Automatic Differentiation

Automatic Differentiation

Hand-deriving gradients for a 100-million-parameter network is a non-starter. Every modern framework ships an automatic differentiation engine that:

  • Records each operation onto a computational graph.
  • Walks the graph in reverse to apply the chain rule.
  • Returns the gradient with respect to every input you asked about — typically the model parameters.

This chapter teaches the API; the rest of the book leans on it.

A worked example

We’ll differentiate

y = 2\,\mathbf{x}^\top \mathbf{x}

with respect to the column vector \mathbf{x}. The analytic gradient is \nabla_\mathbf{x} y = 4\mathbf{x} — a useful sanity-check target.

import torch
x = torch.arange(4.0)
x
tensor([0., 1., 2., 3.])

Tracking gradients

We tell the framework to track operations on x and reserve a slot for its gradient:

# Can also create x = torch.arange(4.0, requires_grad=True)
x.requires_grad_(True)
x.grad  # The gradient is None by default

Then run the forward pass — y is built from x, so the engine records the dependency:

y = 2 * torch.dot(x, x)
y
tensor(28., grad_fn=<MulBackward0>)

Backward pass

A single call walks the recorded graph backwards:

y.backward()
x.grad
tensor([ 0.,  4.,  8., 12.])

The result lands in x.grad. Compare with the analytic answer, 4\mathbf{x}:

x.grad == 4 * x
tensor([True, True, True, True])

Resetting & re-using

Gradients accumulate by default — call .zero_() (or its equivalent) before computing a fresh gradient:

x.grad.zero_()  # Reset the gradient
y = x.sum()
y.backward()
x.grad
tensor([1., 1., 1., 1.])

For non-scalar y, the engine sums up gradients computed for each output element (or you supply weights):

x.grad.zero_()
y = x * x
y.backward(gradient=torch.ones(len(y)))  # Faster: y.sum().backward()
x.grad
tensor([0., 2., 4., 6.])

Detaching from the graph

Sometimes we want a value treated as a constant in the backward pass — e.g., the auxiliary u below should not propagate gradients into x:

x.grad.zero_()
y = x * x
u = y.detach()
z = u * x

z.sum().backward()
x.grad == u
tensor([True, True, True, True])

After detach() (or stop_gradient / lax.stop_gradient), the gradient flows around the detached tensor, not through it:

x.grad.zero_()
y.sum().backward()
x.grad == 2 * x
tensor([True, True, True, True])

Gradients through control flow

Autograd doesn’t care about Python ifs and whiles — it records whichever ops actually executed.

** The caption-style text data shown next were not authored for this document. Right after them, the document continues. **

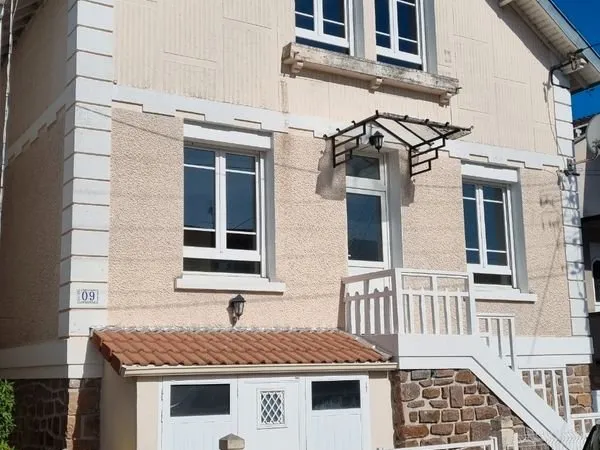 Maison Vente Brive-la-Gaillarde 6p 115m² 225000€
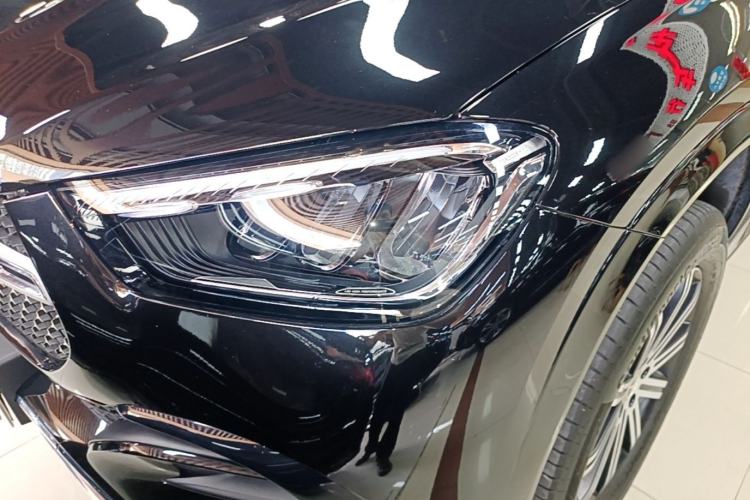 Used Mercedes-Benz GLE 2024 Refreshed GLE 350 4MATIC Stylish Edition Left Front Headlight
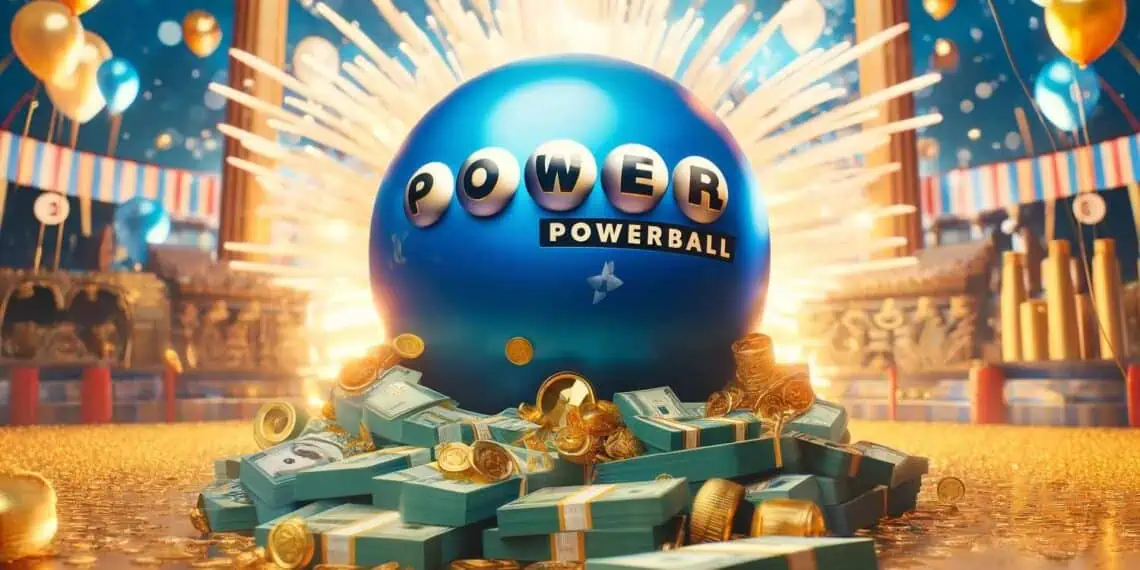 how to play powerball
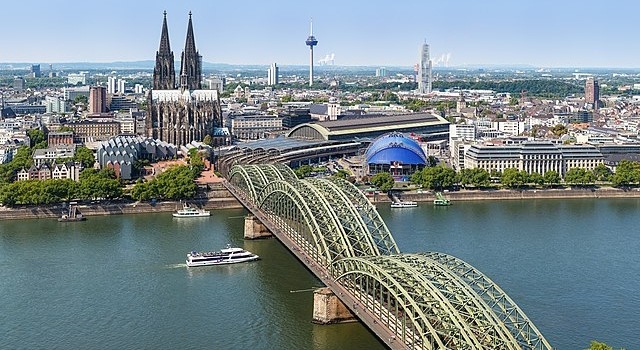 Köln Stadtbild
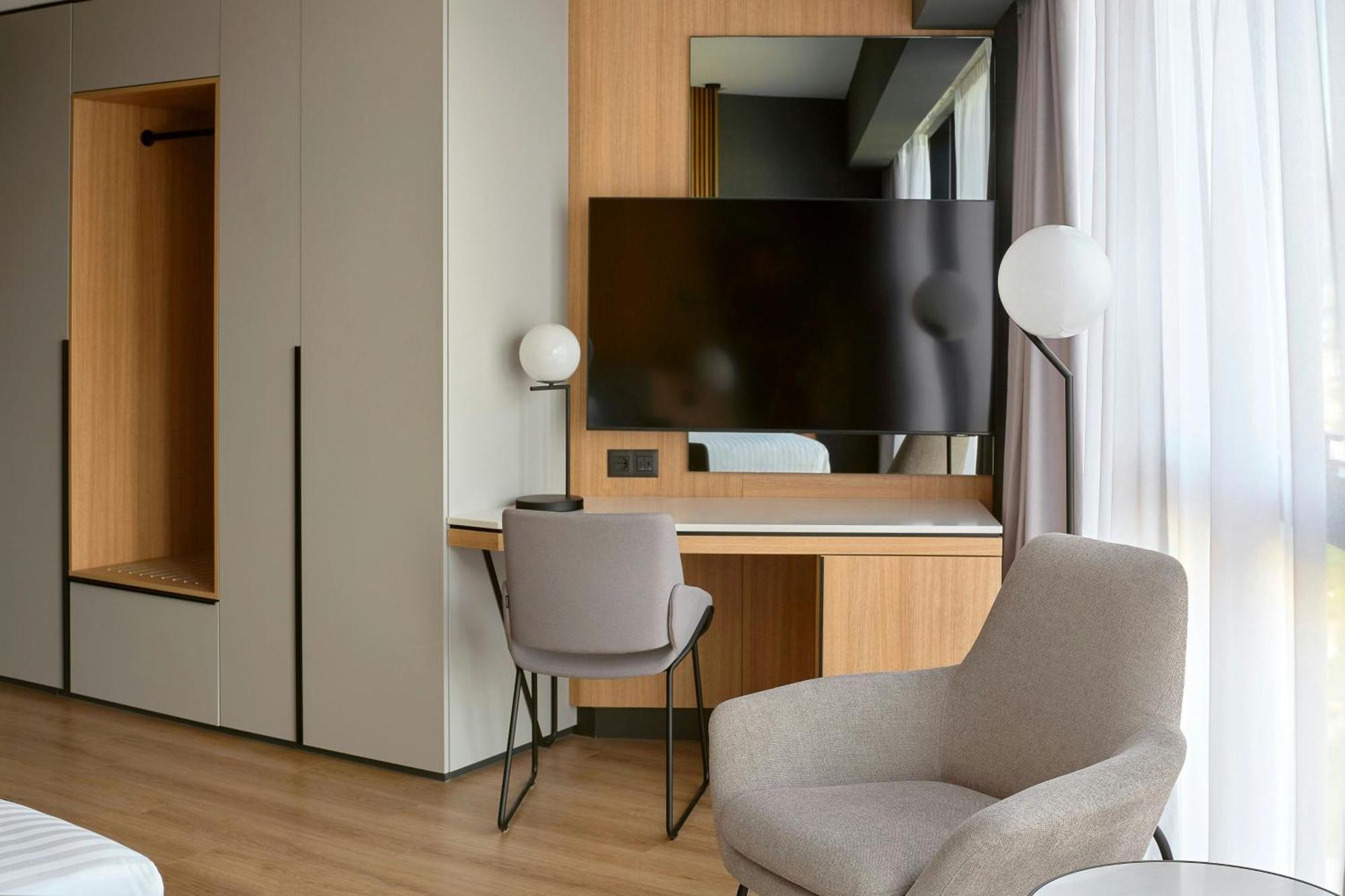 Superior Twin Room Sea view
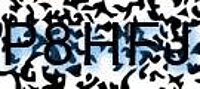 grafischer Sicherheitscode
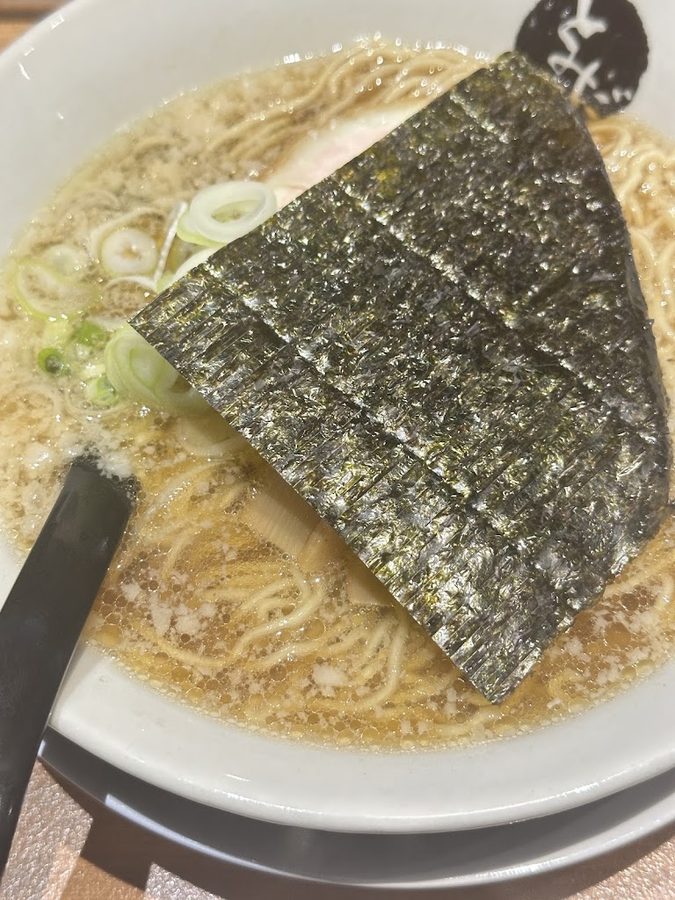 TOMIDAYA Ramen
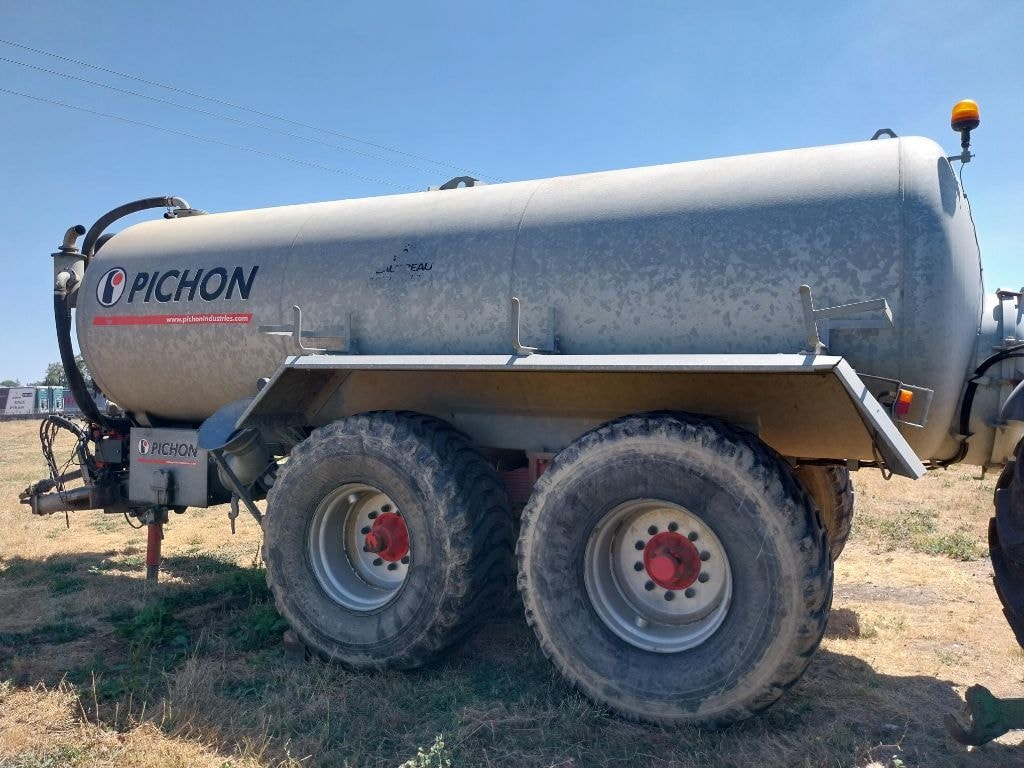Tonne a lisier PICHON TCI 15700 EPB - photo slide 4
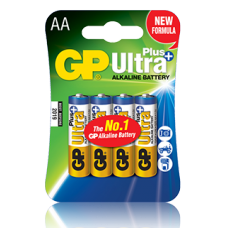 GP Ultra Plus AA блистер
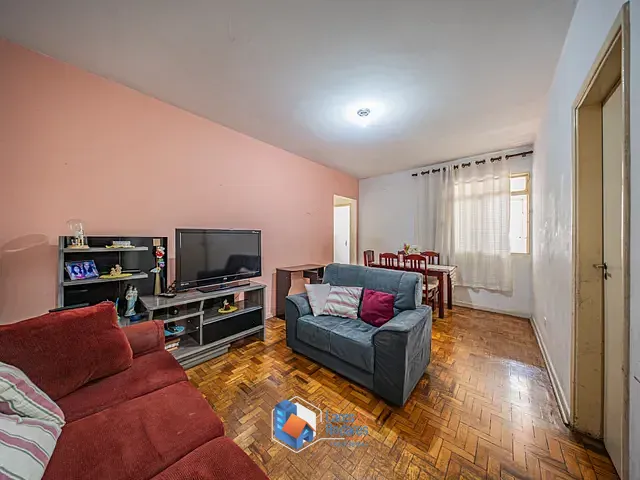 Apartamento com 85m² 2 quartos e 2 banheiros, à venda, no bairro Bela Vista em São Paulo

Here’s a function whose behavior depends on its input:

def f(a):
    b = a * 2
    while b.norm() < 1000:
        b = b * 2
    if b.sum() > 0:
        c = b
    else:
        c = 100 * b
    return c

The number of while iterations and the branch taken both depend on the value of a.

…it just works

Run the function on a random scalar and ask for the gradient:

a = torch.randn(size=(), requires_grad=True)
d = f(a)
d.backward()

The gradient is correct even though the path through the function is data-dependent. Here f(a) ends up linear in a along whichever branch ran, so f'(a) = f(a) / a:

a.grad == d / a
tensor(True)

Recap

  • Mark inputs as needing gradients.
  • Run the forward pass — the engine records ops.
  • backward() (or grad()) walks the graph in reverse via the chain rule.
  • Gradients accumulate; reset between iterations.
  • detach / stop_gradient to break the graph.
  • Works through arbitrary Python control flow.